This is nothing more than our original \(n\) expression multiplied by \(f\), because as we saw, when there are \(n\) elements in a sum, we paint \(f\) yards.

We're almost done with our final expression. All we have to do now is to add the number of yards painted in the previous day. So, \(g(j)\) is therefore given by:

$$ g(j) = 0 \text{ if } j = 0 $$

$$ g(j) = g(j-1) + y(j) \text{ if } j \ge 1 $$

Don't get confused about \(y(j)\), it's just a way for me not to rewrite all of that huge expression in this little box for \(g(j)\). It's supposed to simplify.

Implementation and experimental results

For me, the best way to implement this is using dynamic programming. If you don't know what I'm talking about, dynamic programming in this case is just a fancy name for "implement it in such a way that recursive calls never solve the same problem again". In other words, you would allocate a big array where you stored each value for \(g\) that you have computed in the past. To calculate \(g(j)\), go and see if it's in the table. If it's not, recursively calculate it, and then store the result in the table. This prevents the algorithm from calculating the same value recursively 4 times in one single iteration.
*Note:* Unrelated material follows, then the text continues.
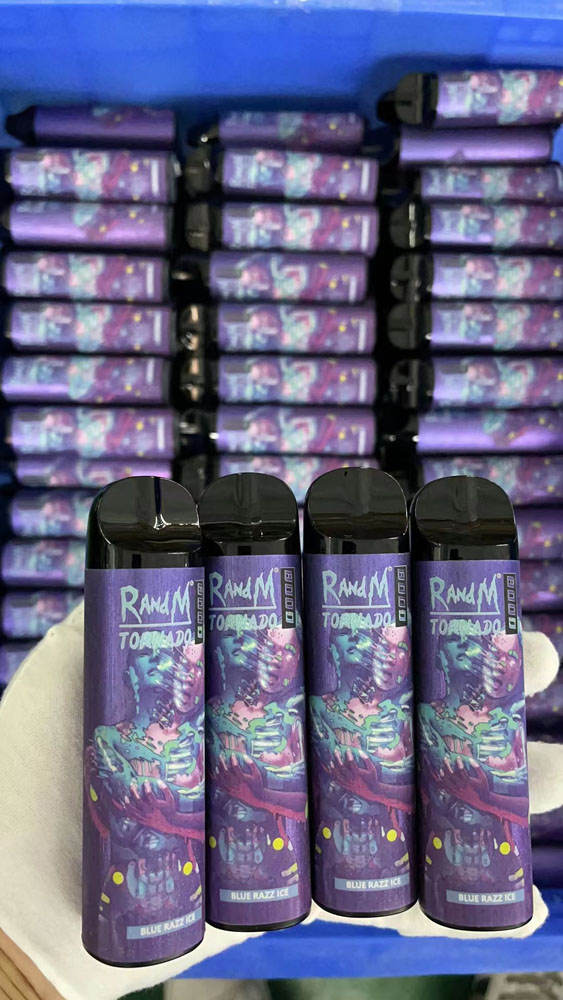 Randm aangepast logo 8000puffs vape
This is important, it saves a lot of space and time.

I tested this with some realistic values:

  • \(w = 1.822\)
  • \(p = 0.109\)
  • \(f = 5.468\)
  • \(d = 28800\)

Here's what I got:

Day Painted in this day Total painted
1 486.652 486.652
2 213.252 699.904
3 164.04 863.944
4 136.7 1000.644
5 120.296 1120.94
6 109.36 1230.3
7 98.424 1328.724
8 87.488 1416.212
9 82.02 1498.232
10 82.02 1580.252
11 76.552 1656.804

Notice that after 11 days, there was a huge loss of productivity, he's got a big BOOM in the first day, where he paints almost 500 yards, and after 11 days he's doing \(\frac{3}{20}\) of what he did in the 1st day. So, indeed, it all goes back to the joke baseline. He seems to be such a great worker in the first day, but then in the second he starts losing power, and then ... oh my ... it gets worse and worse.
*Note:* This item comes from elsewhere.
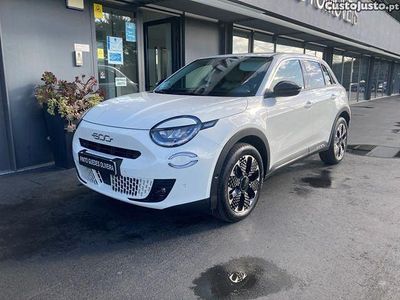 Usado Fiat 600 La Prima 145 HP (106 kW) 2025 Branco Sedan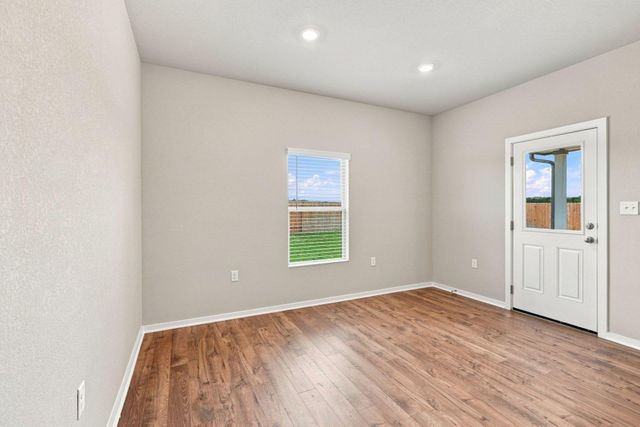 153 Ayres Horn, Cedar Creek, TX 78612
Now that we deeply analyzed Shlemiel the Painter's joke, it's time for reflecting on the Computer Science side. By this time, you should have a pretty damn bad feeling about Shlemiel the Painter's Algorithms: they can ilude you within the first steps, but when you start using them a lot, things will be terribly slow. Really slow. You do NOT want a Shlemiel the Painter's Algorithm running somewhere in your code.

As you can read in Joel's article, typical string concatenations in C are a Shelmiel the Painter's algorithm (or in Java - when you use the overloaded operator + to make things like "hello" + ", world", java will copy everything into a new string, and then if you use + again, it will copy everything again to a new string - this can happen in other languages, so you can't run away saying "I use language X or Y, so I don't have to worry about it", because you do have to worry about it, and you'll not be using the same language for the rest of your life anyway, so that's a doomed argument anyway).

In his article, Joel shows a sample piece of code where he concatenates a set of strings. Analyzing the complexity of this code should be pretty straightforward by now. Imagine you have a set of \(m\) strings, each one with at most \(n\) characters. What's the complexity of concatenating them all? Try to solve it by yourself, it's a nice exercise.

Let's see a few examples before determining a general pattern. When we concatenate string 2 to string 1, we have to run through all of the \(n\) characters of s1 and the \(n\) characters of s2:

$$ n + n = 2n $$

When we concatenate string 3, we have to traverse the previous string, which has now \(2n\) characters, plus the \(n\) of s3, so:

$$ 2n + n = 3n $$

It can be seen that when we concatenate string \(i\), we have to run through this number of characters:

$$ i*n $$

We are going to concatenate \(m\) strings (in fact, we concatenate \(m-1\), but it's not significant, we're making an asymptotic analysis), so, we will be running through

$$ \sum_{i=1}^{m}{i*n} $$

characters, which is basically

$$ n \frac{m(m+1)}{2} $$

meaning, this is \(\mathcal{O}(m^2)\) (note that \(n\) is constant, that's why I took it away). It's bad. We can do it in linear time (again, read Joel's article).

I decided to make this article as a response to the challenge Joel left on his book when he talks about Shelmiel the Painter's Algorithms. By the end of page 7, you can read:

For extra credit, what are the real numbers?

This is my answer!